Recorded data
※

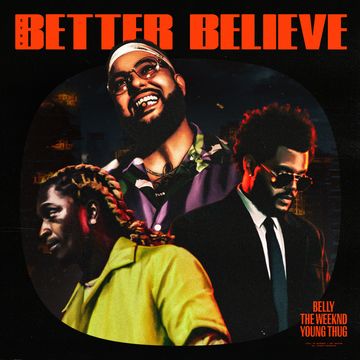 Better Believe (feat. Belly & Young Thug)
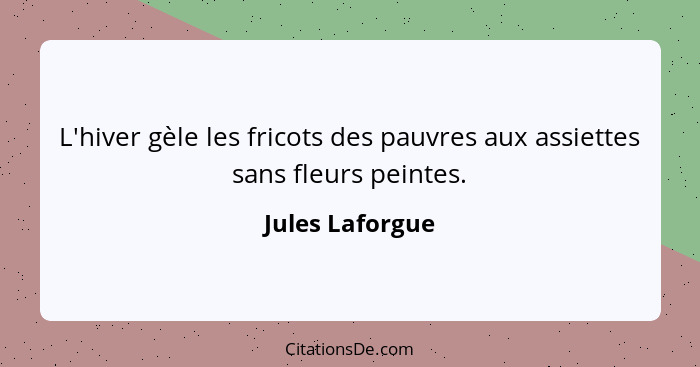 L'hiver gèle les fricots des pauvres aux assiettes sans fleurs peintes.... - Jules Laforgue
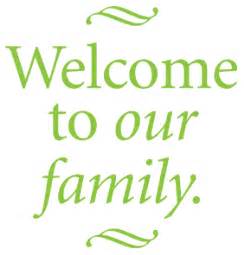 Welcome To The Family Quotes. QuotesGram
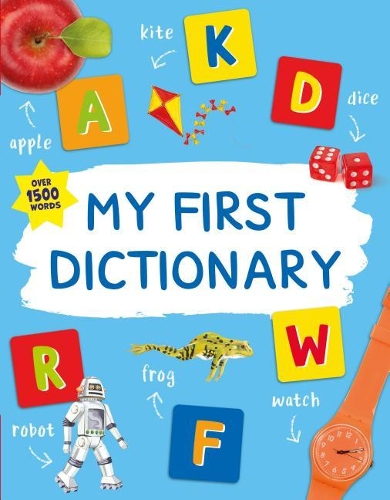 My First Dictionary: (Kingfisher First Reference)
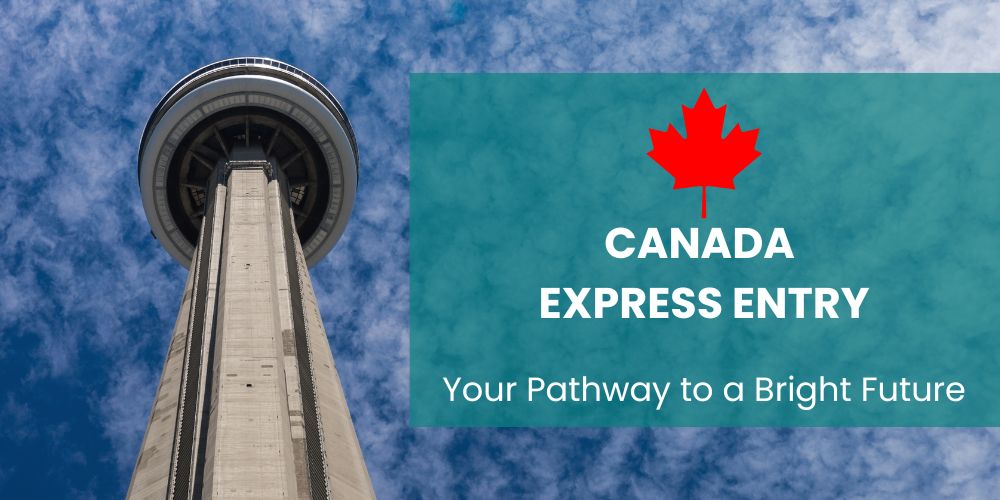 Canada Express Entry Your Pathway to a Bright Future
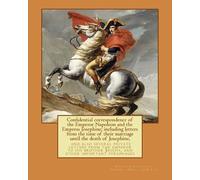 Empress Josephine John S C A Confidential correspondence of the Empe (Tascabile)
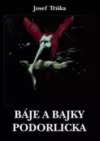 Báje a bajky Podorlicka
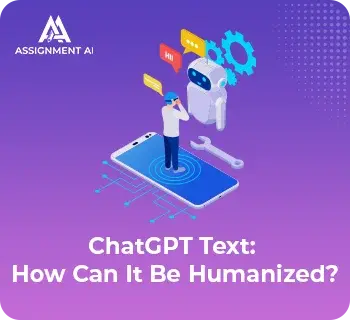 ChatGPT Text: How Can It Be Humanized?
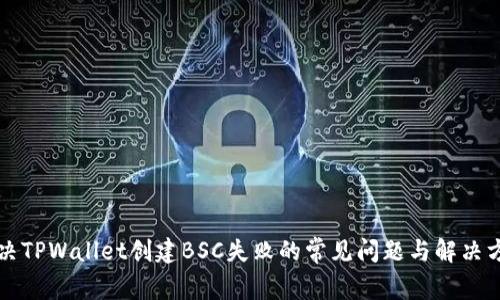 解决TPWallet创建BSC失败的常见问题与解决方案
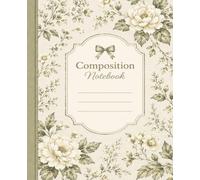 Composition Notebook College Ruled: Vintage Sage Green Botanical Floral Notebook for School, College, Office, Work, Journaling & Note Taking | 100 ... Green Botanical Notebook for Everyday Writing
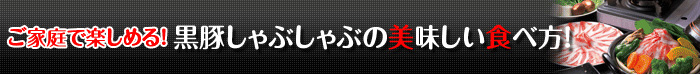 ご家庭で楽しめる！黒豚しゃぶしゃぶの美味しい食べ方！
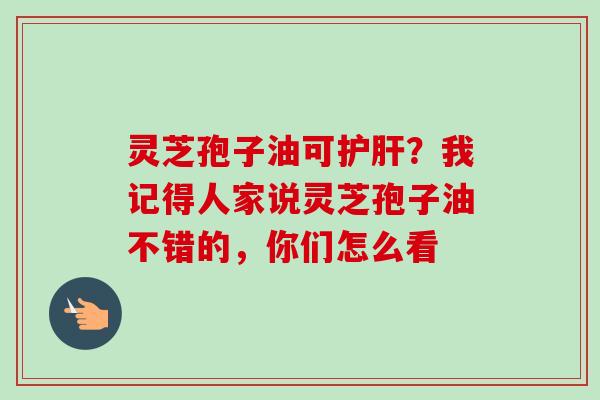 灵芝孢子油可护肝？我记得人家说灵芝孢子油不错的，你们怎么看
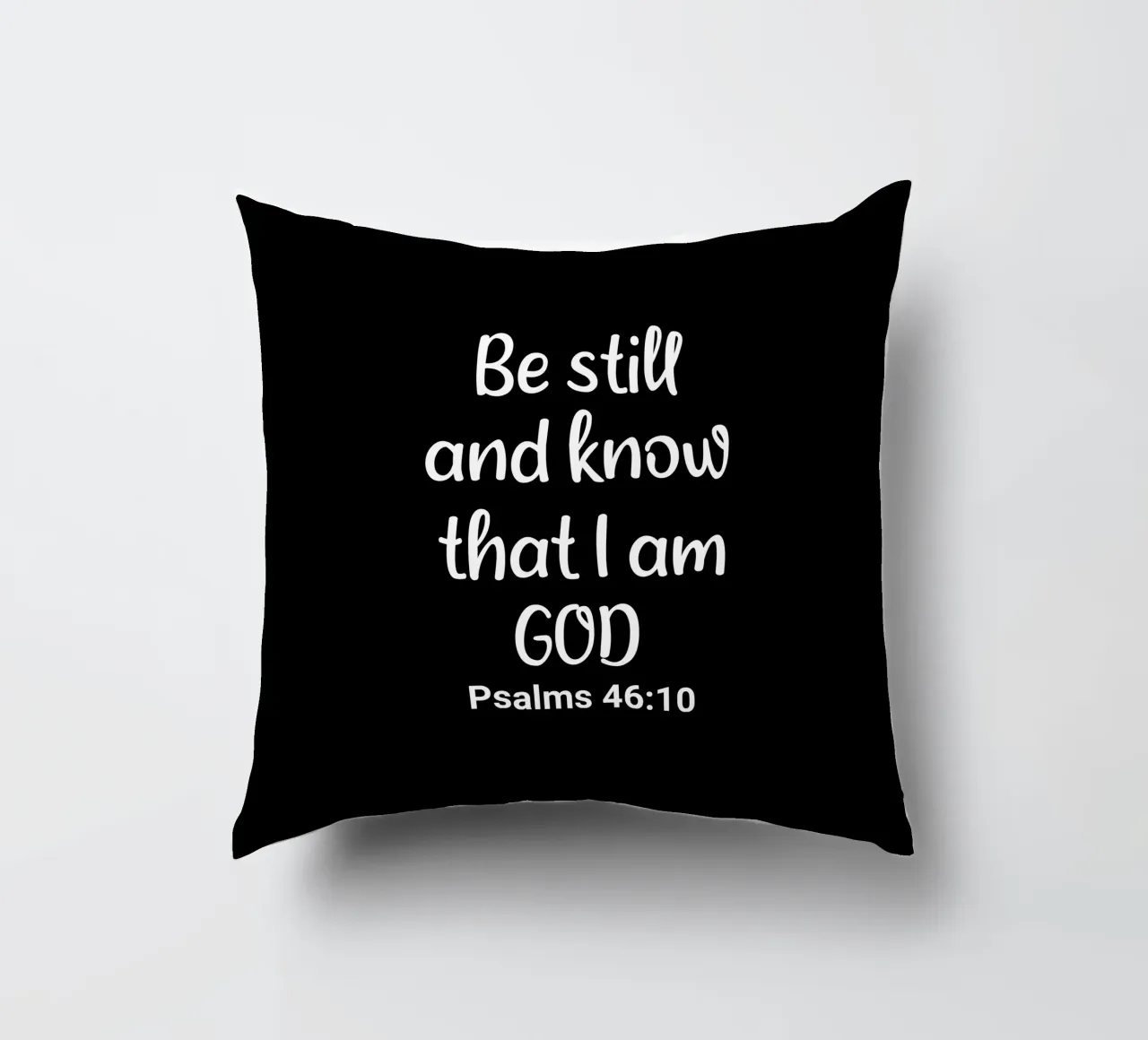 Be still and know that I am God Psalms 46 10 cuscino da happieeagle
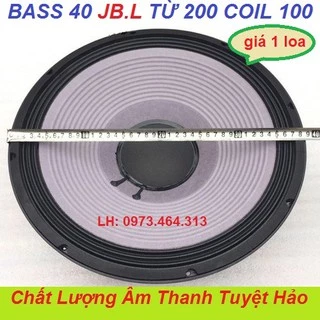 LOA BASS 40 JBL HÀNG NHẬP KHẨU TỪ 200 COIL 100 - XƯƠNG TO DÀY GIÁ 1 CỦ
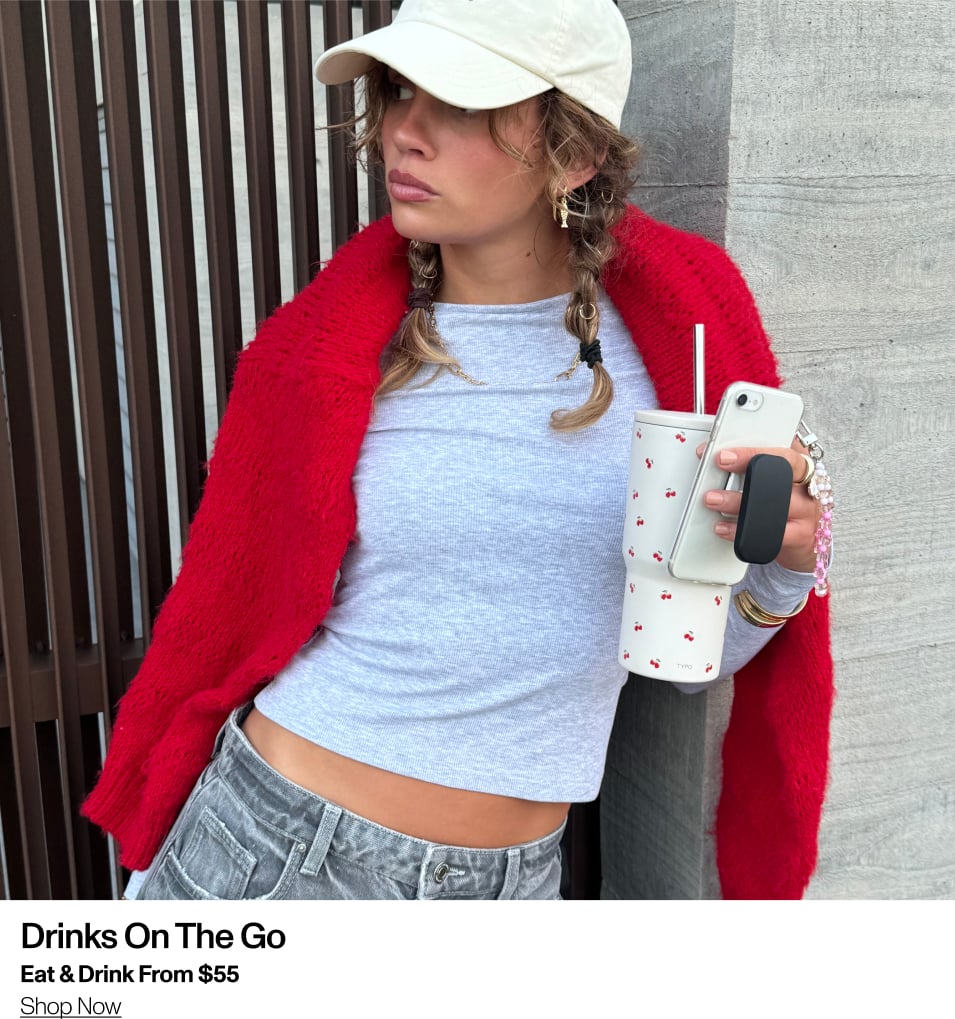 Drinks on the go. Eat & drink from $55. Shop now.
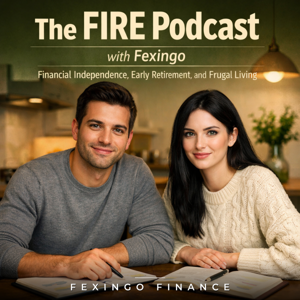 The FIRE Podcast with Fexingo: Financial Independence, Early Retirement, and Frugal Living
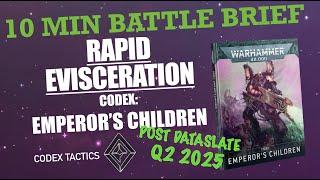 40K Tactics | How to Beat Emperor’s Children Rapid Evisceration in 10 Minutes | Codex 10th Edition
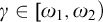 gamma element of omega 1 comma omega 2 right parenthesis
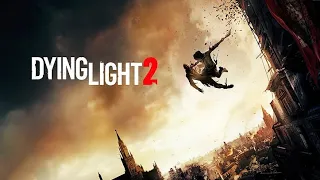 Dying Light 2 Has The Best Parkour System In Any Game Ever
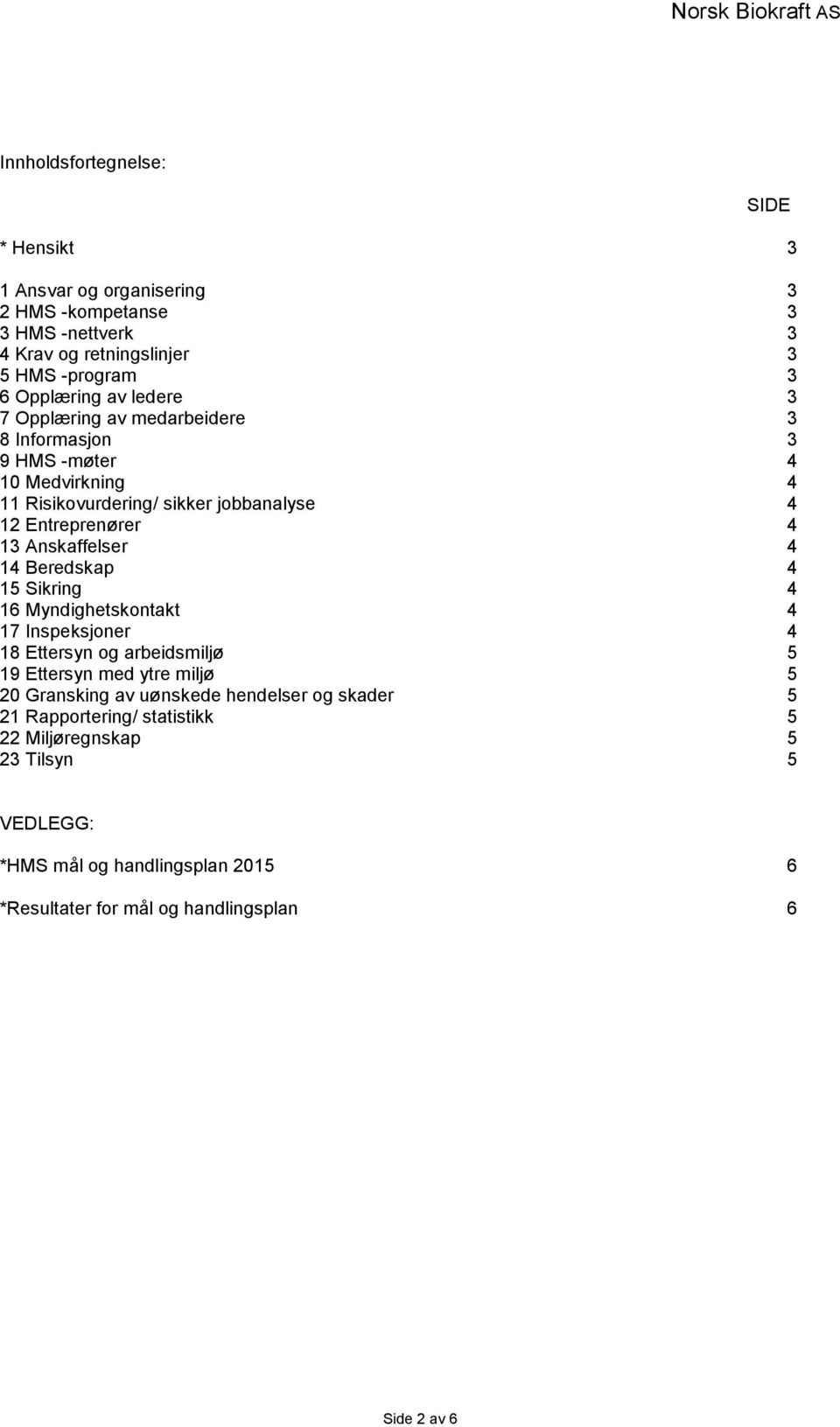 4 14 Beredskap 4 15 Sikring 4 16 Myndighetskontakt 4 17 Inspeksjoner 4 18 Ettersyn og arbeidsmiljø 5 19 Ettersyn med ytre miljø 5 20 Gransking av uønskede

※

*TASK ITEM*. Beginning with the line above that contains "My First Dictionary: (Kingfisher" and ending with the line that contains "LOA BASS 40", quote each line exactly, keeping out the pictures.

*RESPONSE TO THIS TASK*.
 My First Dictionary: (Kingfisher First Reference)
 Canada Express Entry Your Pathway to a Bright Future
 Empress Josephine John S C A Confidential correspondence of the Empe (Tascabile)
 Báje a bajky Podorlicka
 ChatGPT Text: How Can It Be Humanized?
 解决TPWallet创建BSC失败的常见问题与解决方案
 Composition Notebook College Ruled: Vintage Sage Green Botanical Floral Notebook for School, College, Office, Work, Journaling & Note Taking | 100 ... Green Botanical Notebook for Everyday Writing
 ご家庭で楽しめる！黒豚しゃぶしゃぶの美味しい食べ方！
 灵芝孢子油可护肝？我记得人家说灵芝孢子油不错的，你们怎么看
 Be still and know that I am God Psalms 46 10 cuscino da happieeagle
 LOA BASS 40 JBL HÀNG NHẬP KHẨU TỪ 200 COIL 100 - XƯƠNG TO DÀY GIÁ 1 CỦ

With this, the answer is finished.